I would guess that people in the upper quintile support it for a few reasons. First, it is an old program. Second, it is universal, so people don't begrudge the income transfer as much. Third, lower in the upper quintile, it's an additional hedge against risk. And finally, at a certain income level, the tax isn't large enough to pay attention to.

Remember - the upper quintile stretches quite a ways and includes some comfortable folks as well as the super rich.

I think Brett makes a great point. I am not sure that the rich as a group could be so easily classified...and I am not sure that all rich folk don't care about higher taxes, but to many I am sure it is not a deep priority or a pressing concern. Just as academia might have different literary preferences from society in general, so to do I believe that the rich in general are more interested in "higher" order things..."the greater good"(or whatever will bring them praise and avoid blame..hahaha) than in embracing the simplistic behavioral predictions of the dismal science.

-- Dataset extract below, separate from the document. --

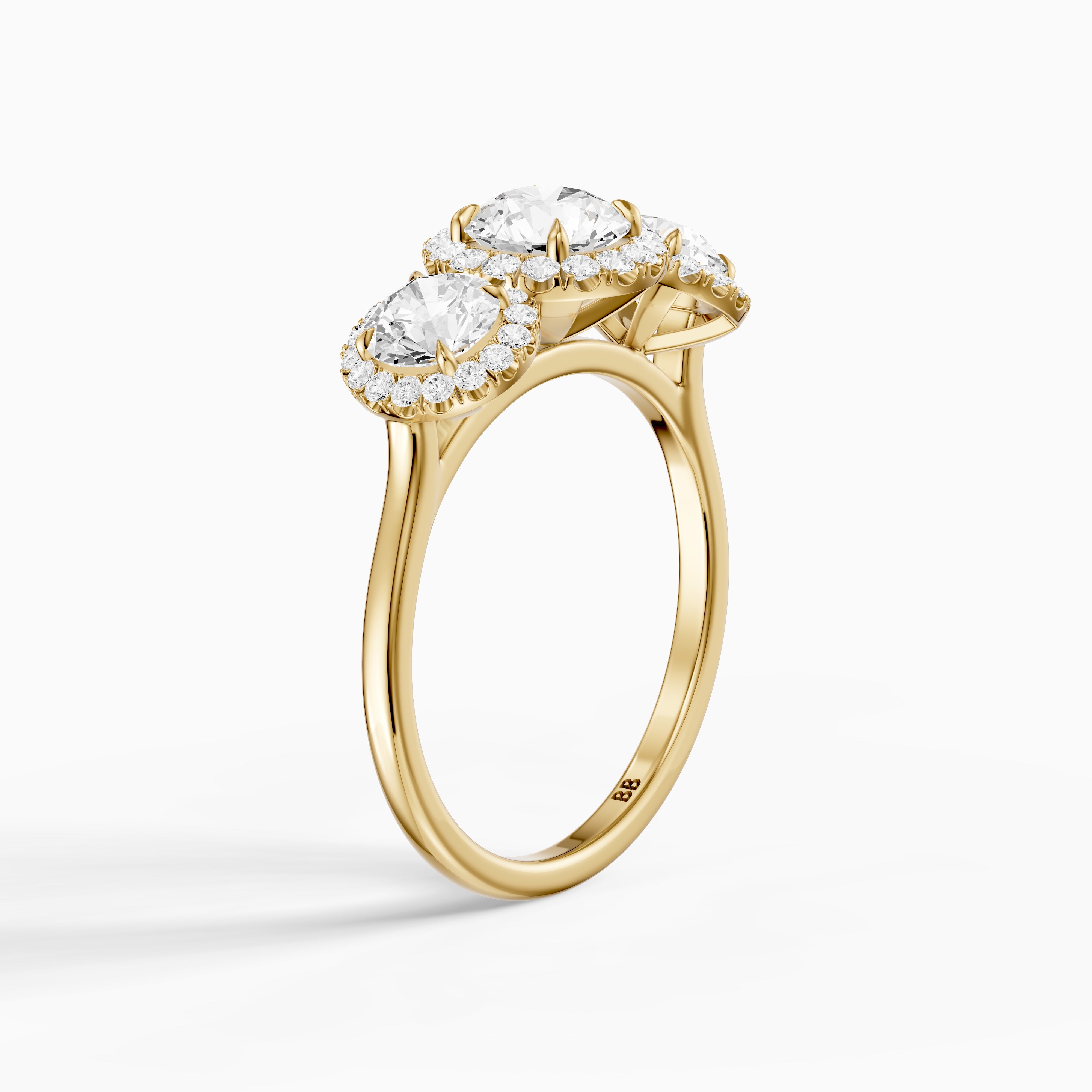 Ashley Three Stone Round Halo Lab Grown Diamond Ring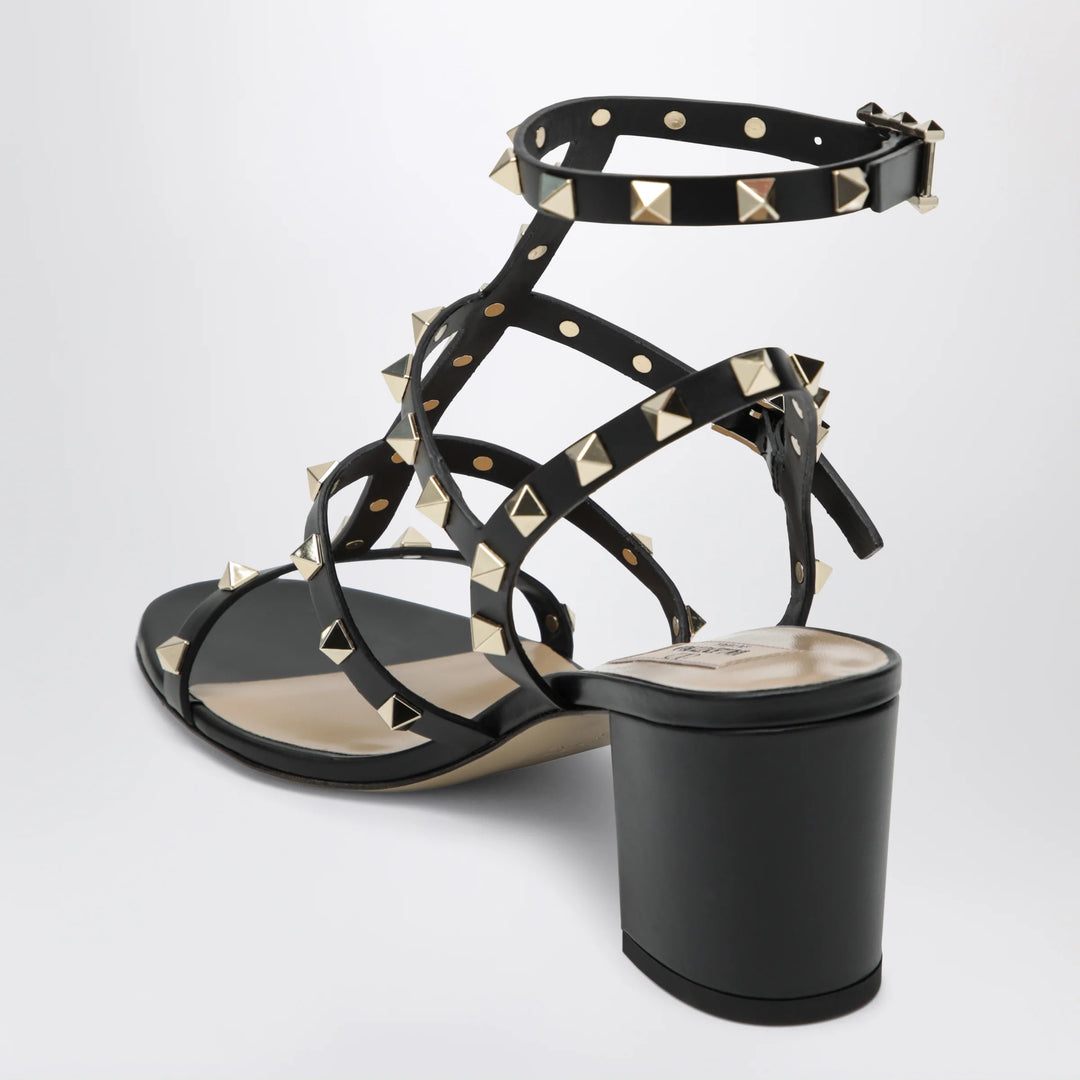 Valentino Garavani - Rockstud calfskin leather sandals with studs in black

In a strange sort of way I believe the rich take less offense at the proposition that they can't do math than at the suggestion that supporting the democratic view on social security means they can't do math.

I believe the rich wish to feel themselves above the scope and fray of "rational choice theory" above simplistic models of expected behavior ceteris paribus. In the business world they may make us of these models to predict the behavior of the plebians, but for this very reason they seek to be a little less predictable.

A bennefit cut might compromise the premise that Social Security is Universal...and someone could make a big deal out of the fact that it is "universal" that this says something about equality...yada yada...who can know what bondaries or reasons someone might have for seeing something as significant or symbolic? I don't necessarily buy that line but ...It is just as likely that a bennefit cut would make the rich stop supporting social security as it is that higher taxes would. Higher taxes or reduced personal bennefits aren't going to stop the rich per se...it may stop some of them who conform to economic reasoning on both sides...but what is to say that they may not be equally motivated by loyalty to the conception of "universality"?

On the other hand economists realize this and they get around this objection by simply talking about elasticity...so the super rich might be inelastic when it comes to tax increases, but elastic when it comes to ideological/symbolic affronts. But I am sure that if this affects 1 out of 6 households demand won't be nearly as inelastic when it comes to tax increases...basically exactly what Brett says.